I wrote about this at length a month ago when Maggie Haberman of the Times reported it, but it’s worth noting that it’s now been corroborated. WSJ reporter Michael Bender, who has a new book about Trump coming out, tucked the news away in this long excerpt about how insane the end of his presidency was:
His advisers have pushed him to carefully cultivate his political power and delay deciding whether to run again in 2024 until after the midterms. Still, Mr. Trump has followed the chatter like a day trader monitoring his portfolio. When Ron DeSantis performed well in a straw poll of an obscure gathering of conservatives last month, Mr. Trump asked advisers whether the Florida governor would challenge him in a primary if he were to run. (The majority opinion was yes.) And he said on Fox News last week that he’d decided whether to run in 2024 but wouldn’t reveal the verdict.
I almost agree with them. You can read the earlier post for a fuller treatment but it boils down to DeSantis wanting to strike while the iron is hot. If he wins reelection next year, and especially if he wins comfortably, he’ll be the frontrunner for the 2024 nomination if Trump doesn’t run. If Trump does run, DeSantis will then have a decision to make. He can stand aside and aim for 2028, but he’ll be out of office by then and at grave risk of being seen as yesterday’s news as other MAGA-fied young pols burst onto the scene. He might end up in the same position as Chris Christie in 2016, a guy who declined to run at the height of his popularity and fizzled out when he finally did. That’s a bad option.
But running in 2024 is arguably worse. You saw the poll I posted last night. You know what the likely outcome is if DeSantis or anyone else challenges Trump. If DeSantis declines to run and supports Trump instead, he’d enjoy MAGA’s good graces by the time he did end up running in 2028. He might not be a frontrunner by then but he’d still be a contender. Whereas if he decides to challenge Trump there may be no scenario in which he ends up as president. Either he loses the primary and MAGA hates him for having dared to try to beat their hero or he wins the primary and Trump turns on him viciously out of spite (probably by claiming that he was cheated), costing DeSantis the support of enough Trump fans in the general that he loses the election.

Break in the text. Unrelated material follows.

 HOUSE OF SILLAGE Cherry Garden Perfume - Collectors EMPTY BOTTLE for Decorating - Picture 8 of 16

Although nothing is certain. If the Dems get stuck with a lefty loser like Kamala Harris as their nominee, even butthurt Trumpers might grit their teeth and back DeSantis in the general to stop her.
I don’t think DeSantis would challenge Trump unless the polling shifts so much by the end of 2023 that he’s as popular or more popular than Trump is, which seems unlikely. And if that happens, we probably still won’t get a Trump/DeSantis primary: The former president, not wanting to risk losing a popularity contest conducted by an all-Republican electorate, will find an excuse to bow out. Interestingly, Bender offers this observation from his visit to Mar-a-Lago in March: “He peppered aides about whether he should run for president again, but few believed he would.” Read the piece and you’ll see that he does seem reasonably content down there nowadays, playing golf, firing off broadsides at his enemies, plotting political revenge campaigns against the likes of Liz Cheney. Maybe he’ll decide he likes his new life better.

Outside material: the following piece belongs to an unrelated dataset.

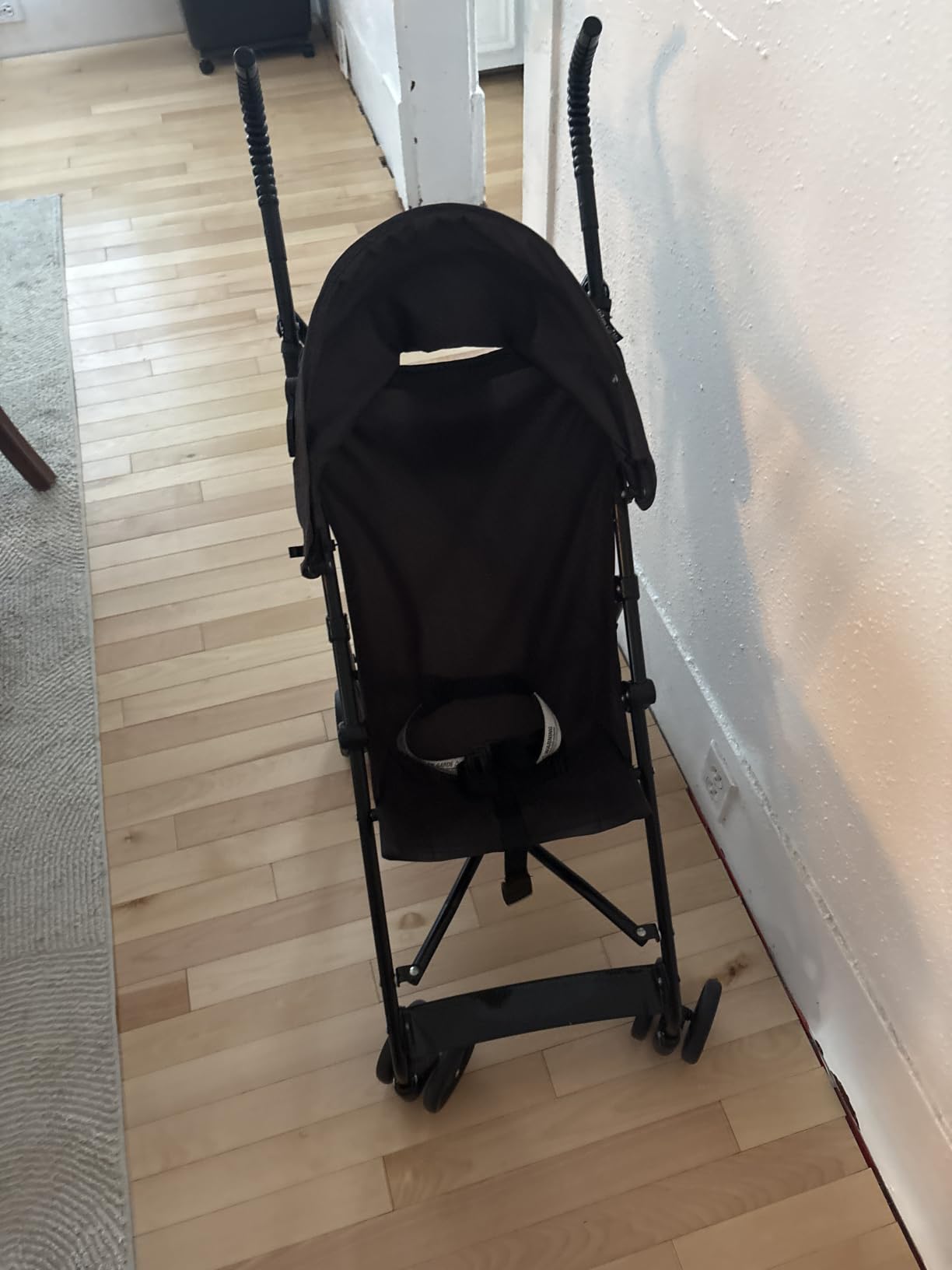 Dream On Me Aero Travel Umbrella Stroller, 1-Hand Fold, Lightweight, Grey customer photo 1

The rest of the excerpt focusing on his last days as president is … interesting too, for darker reasons:
By then, the president was personally phoning U.S. attorneys—against Justice Department protocol—urging them to focus on election fraud. He’d replaced a lineup of veteran defense and intelligence officials with inexperienced loyalists hungry to appease the boss. Gen. Mark Milley asked some Pentagon officials whether the new hires had ties to neo-Nazi groups.

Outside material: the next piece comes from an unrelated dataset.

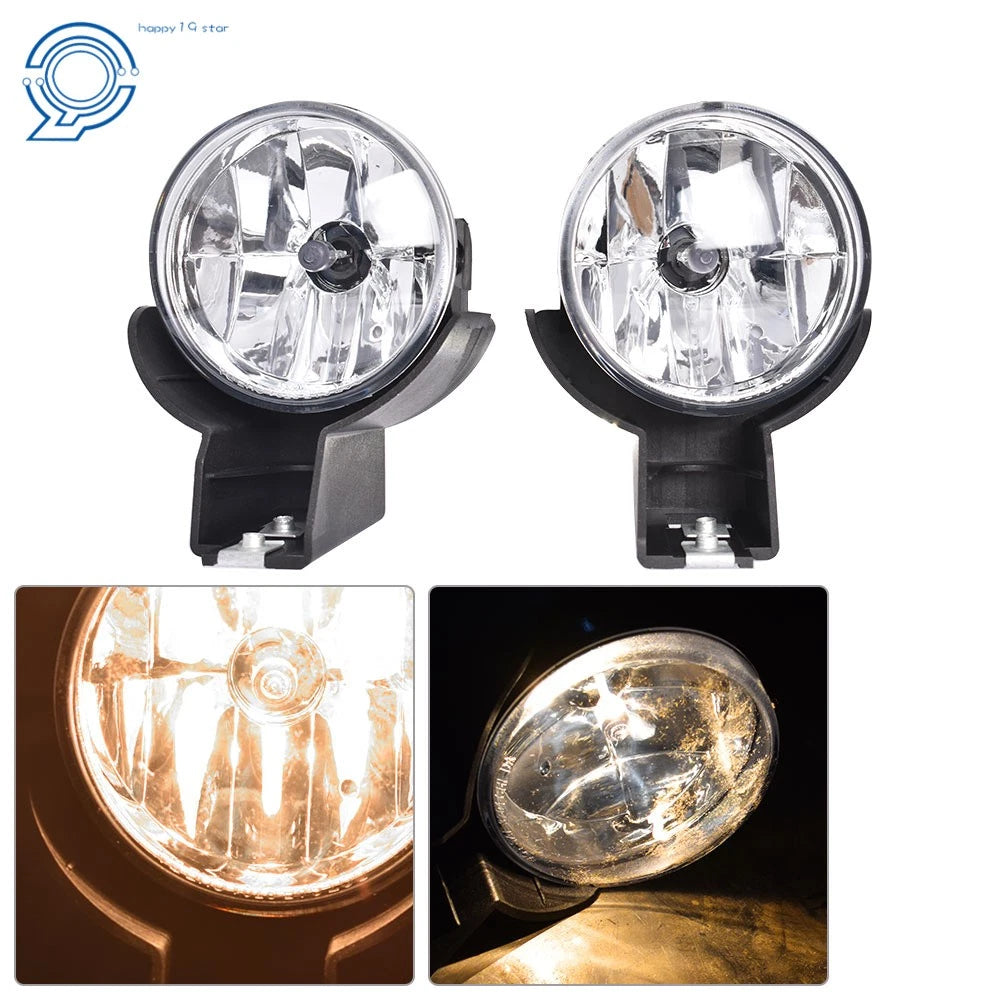Fog Lights for Dodge Dakota Durango (1997–2000)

“The crazies have taken over,” Secretary of State Mike Pompeo warned a colleague. Privately, the nation’s top diplomat worried that foreign adversaries might try to exploit the domestic instability. He conveyed concern to others that Mr. Trump might be more willing to engage in an international conflict to strengthen his political argument for remaining in office. Mr. Pompeo organized a daily call with Gen. Milley and Mark Meadows, the White House chief of staff.
The secretary of state worrying about Trump launching a war to justify an autogolpe and the chairman of the Joint Chiefs speculating that his new appointees at the Pentagon might be neo-Nazis will make for a magical exhibit at the Trump Presidential Library. According to Bender, the entire post-election fiasco began when inner-circlers like Mike Pence and Ronna McDaniel assured allies in November that he would accept defeat once the shock wore off, with Ivanka allegedly speculating that he might even invite Biden to the Oval Office. How is it that his own closest aides seem to understand him less than casual observers do?